Jestem jedną z tych osób, które uwielbiają proste minimalistyczne ubrania, dlatego moda na małą czarną to dla mnie chyba najlepsze co podarował nam świat.
Przyjęło się, że latem zakłada się jasne, kolorowe oraz kwieciste ubrania, a czarne odcienie, powinny być w tym czasie na dłuższym urlopie. Oczywiście ta zasada, zupełnie nie ma zastosowania do mojego życia.
W połowie sierpnia, miałam przyjemność uczestniczyć w uroczystości zaślubin, i na ta okazję założyłam sukienkę w kolorze czerni. Być może wiele z Was nie zdecydowałoby się na taki look ale ja czułam się w takiej stylizacji świetnie, a to chyba najważniejsze :)
h&m jacket/kurtka
newdress dress/sukienka
ray-ban sunglasses/okulary
signora necklace/ring/biżuteria
Super look<3
OdpowiedzUsuńSukienka i kurtka są świeetne!!<3
Znakomite zestawienie całości ! Dla mnie bomba :)

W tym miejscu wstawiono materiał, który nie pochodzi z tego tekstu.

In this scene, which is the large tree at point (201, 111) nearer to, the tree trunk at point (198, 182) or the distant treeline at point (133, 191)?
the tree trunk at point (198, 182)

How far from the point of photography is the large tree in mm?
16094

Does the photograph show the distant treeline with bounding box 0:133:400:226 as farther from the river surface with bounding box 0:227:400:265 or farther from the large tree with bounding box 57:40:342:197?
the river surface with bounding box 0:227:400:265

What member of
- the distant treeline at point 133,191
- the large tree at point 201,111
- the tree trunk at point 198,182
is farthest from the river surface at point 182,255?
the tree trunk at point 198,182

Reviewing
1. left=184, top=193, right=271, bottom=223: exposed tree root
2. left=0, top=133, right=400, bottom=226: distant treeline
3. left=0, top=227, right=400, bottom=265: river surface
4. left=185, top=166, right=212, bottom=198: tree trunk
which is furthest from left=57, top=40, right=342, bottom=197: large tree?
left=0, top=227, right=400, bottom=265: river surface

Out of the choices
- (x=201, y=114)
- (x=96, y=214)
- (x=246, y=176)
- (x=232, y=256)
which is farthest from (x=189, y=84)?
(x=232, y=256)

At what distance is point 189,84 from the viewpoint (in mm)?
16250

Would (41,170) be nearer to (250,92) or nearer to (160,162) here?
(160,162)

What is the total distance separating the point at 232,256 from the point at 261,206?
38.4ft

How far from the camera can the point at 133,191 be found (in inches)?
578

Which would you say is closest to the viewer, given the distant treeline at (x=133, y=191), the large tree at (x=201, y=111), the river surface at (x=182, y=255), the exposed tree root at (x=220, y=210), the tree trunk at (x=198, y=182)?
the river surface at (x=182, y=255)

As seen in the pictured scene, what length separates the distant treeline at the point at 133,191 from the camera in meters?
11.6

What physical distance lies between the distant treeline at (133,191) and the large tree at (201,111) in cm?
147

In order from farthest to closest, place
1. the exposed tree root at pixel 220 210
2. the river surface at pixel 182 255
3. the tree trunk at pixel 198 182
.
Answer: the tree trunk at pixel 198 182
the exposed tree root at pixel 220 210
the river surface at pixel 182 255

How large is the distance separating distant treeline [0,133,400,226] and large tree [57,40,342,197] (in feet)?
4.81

OdpowiedzUsuńPS: Będę bardzo wdzięczna za klik TU <3
Ale świetna sukienka *_*
OdpowiedzUsuńPiękna sukienka, też kiedyś byłam na weselu w czarnej sukience. Zawsze można dodać kolorowe dodatki. Osobiście by mi to nie przeszkadzało. Pozdrawiam :)

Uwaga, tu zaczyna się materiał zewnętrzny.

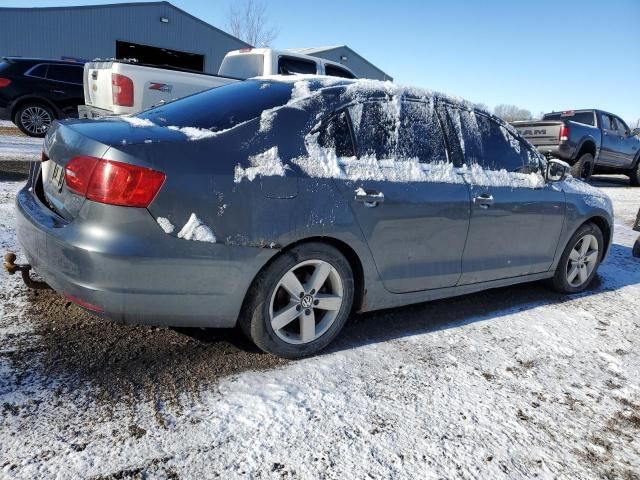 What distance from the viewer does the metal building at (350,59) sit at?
110ft

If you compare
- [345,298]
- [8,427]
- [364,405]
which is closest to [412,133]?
[345,298]

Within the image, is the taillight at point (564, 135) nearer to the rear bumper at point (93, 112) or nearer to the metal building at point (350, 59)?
the rear bumper at point (93, 112)

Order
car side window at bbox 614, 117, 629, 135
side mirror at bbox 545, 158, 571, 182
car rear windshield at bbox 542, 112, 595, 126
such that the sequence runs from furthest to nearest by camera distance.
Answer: car side window at bbox 614, 117, 629, 135, car rear windshield at bbox 542, 112, 595, 126, side mirror at bbox 545, 158, 571, 182

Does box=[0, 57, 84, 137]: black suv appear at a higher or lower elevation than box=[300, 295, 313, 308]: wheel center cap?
higher

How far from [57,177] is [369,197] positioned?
1.67 metres

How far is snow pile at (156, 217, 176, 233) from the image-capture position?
2322mm

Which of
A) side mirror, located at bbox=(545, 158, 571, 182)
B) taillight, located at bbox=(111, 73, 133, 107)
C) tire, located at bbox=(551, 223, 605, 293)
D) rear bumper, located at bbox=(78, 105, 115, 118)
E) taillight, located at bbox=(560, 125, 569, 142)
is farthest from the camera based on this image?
taillight, located at bbox=(560, 125, 569, 142)

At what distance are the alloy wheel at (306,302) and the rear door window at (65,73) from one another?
1138 cm

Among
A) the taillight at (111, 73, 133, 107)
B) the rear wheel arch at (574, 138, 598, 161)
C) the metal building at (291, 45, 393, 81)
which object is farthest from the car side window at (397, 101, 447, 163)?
the metal building at (291, 45, 393, 81)

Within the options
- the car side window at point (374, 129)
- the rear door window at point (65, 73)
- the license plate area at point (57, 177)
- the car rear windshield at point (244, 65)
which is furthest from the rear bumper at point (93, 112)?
the car side window at point (374, 129)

OdpowiedzUsuńŚwietny look, bardzo podoba mi się kolor kurteczki :)
OdpowiedzUsuńjak dla mnie ten look jest super!
OdpowiedzUsuńzwiewność na dole, góra cięższa i dzięki temu z tą zwiewnością sukienki kontrastująca :)
ja to lubię.
poza tym - bardzo ładne zestawienie barw!
Rewelacyjna kurteczka :)
OdpowiedzUsuńNaprawdę piękna ta sukienka, cudnie Ci w niej! ;) masz rację, milimalizm jest w cenie :) pozdrawiam i zapraszam :)

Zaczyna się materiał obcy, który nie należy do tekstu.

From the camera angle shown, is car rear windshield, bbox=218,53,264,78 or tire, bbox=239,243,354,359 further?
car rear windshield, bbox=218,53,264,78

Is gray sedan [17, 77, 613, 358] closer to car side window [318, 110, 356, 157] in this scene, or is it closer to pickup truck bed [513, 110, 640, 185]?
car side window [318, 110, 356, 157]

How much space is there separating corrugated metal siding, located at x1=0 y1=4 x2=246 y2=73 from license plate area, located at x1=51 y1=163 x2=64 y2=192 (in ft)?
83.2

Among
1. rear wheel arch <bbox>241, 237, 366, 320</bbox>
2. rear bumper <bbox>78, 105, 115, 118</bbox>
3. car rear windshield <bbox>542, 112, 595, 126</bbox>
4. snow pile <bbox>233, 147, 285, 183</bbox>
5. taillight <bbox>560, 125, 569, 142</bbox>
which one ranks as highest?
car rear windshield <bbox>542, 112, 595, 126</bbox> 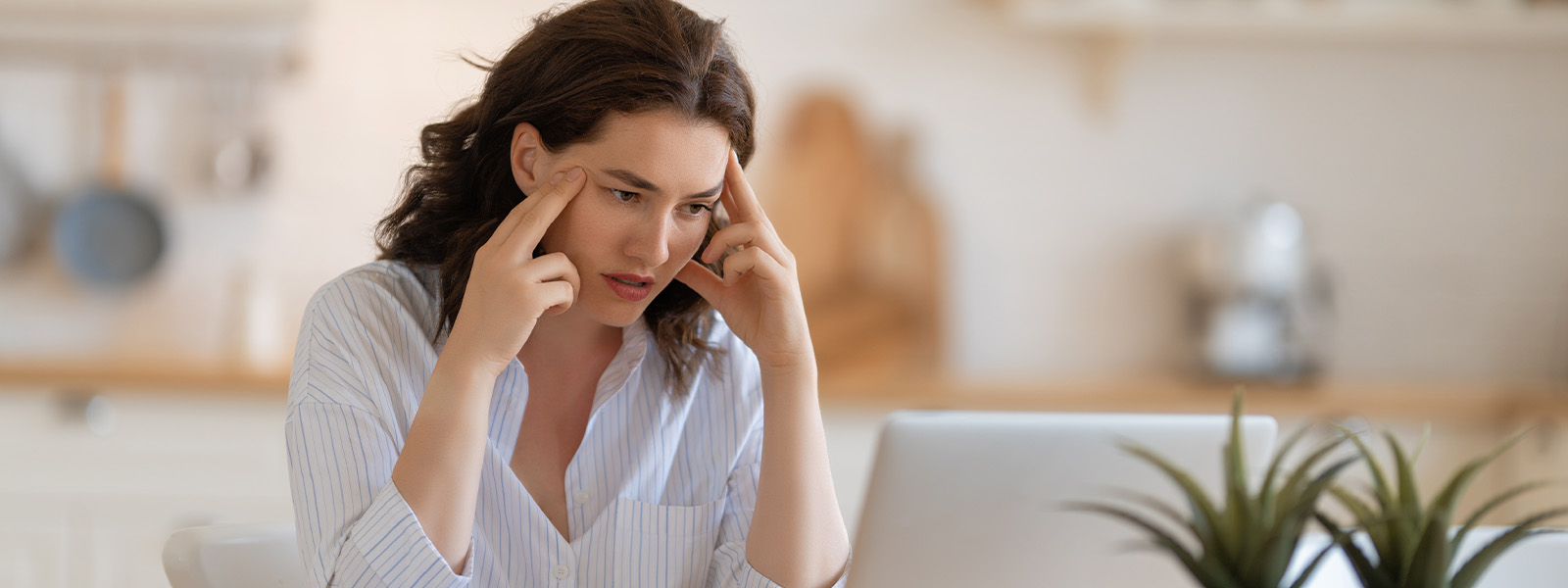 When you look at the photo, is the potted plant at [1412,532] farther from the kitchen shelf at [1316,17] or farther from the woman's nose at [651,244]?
the kitchen shelf at [1316,17]

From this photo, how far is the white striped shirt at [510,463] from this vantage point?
102 cm

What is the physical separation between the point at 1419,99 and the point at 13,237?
3363 mm

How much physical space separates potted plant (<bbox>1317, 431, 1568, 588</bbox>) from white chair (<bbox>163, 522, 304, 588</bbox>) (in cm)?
87

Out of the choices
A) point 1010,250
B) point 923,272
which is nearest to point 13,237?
point 923,272

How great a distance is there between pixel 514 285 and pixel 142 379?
169 centimetres

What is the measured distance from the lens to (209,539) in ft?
3.36

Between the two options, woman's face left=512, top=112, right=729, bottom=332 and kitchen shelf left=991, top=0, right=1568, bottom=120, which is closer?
woman's face left=512, top=112, right=729, bottom=332

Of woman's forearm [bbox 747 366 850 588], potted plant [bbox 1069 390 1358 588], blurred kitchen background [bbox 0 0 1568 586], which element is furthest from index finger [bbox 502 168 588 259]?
blurred kitchen background [bbox 0 0 1568 586]

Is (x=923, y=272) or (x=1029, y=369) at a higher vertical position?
(x=923, y=272)

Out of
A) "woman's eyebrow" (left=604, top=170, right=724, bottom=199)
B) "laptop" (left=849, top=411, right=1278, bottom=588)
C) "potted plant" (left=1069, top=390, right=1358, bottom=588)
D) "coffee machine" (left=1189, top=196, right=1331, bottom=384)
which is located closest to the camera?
"potted plant" (left=1069, top=390, right=1358, bottom=588)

OdpowiedzUsuńŚwietna stylizacja;)
OdpowiedzUsuńpozdrawiam cieplutko :))
woman-with-class.blogspot.com
Świetna stylizacja. ;*
OdpowiedzUsuńwww.jessikachincza.blogspot.com
Cudownie wyglądasz!
OdpowiedzUsuńAle w czerni właśnie latem wygląda sie dobrze - skóra opalona ia jakoś tak witalnie to wypada.
OdpowiedzUsuńPięknie to zgrałaś. Jest kobieco i z pazurem, podoba mi się.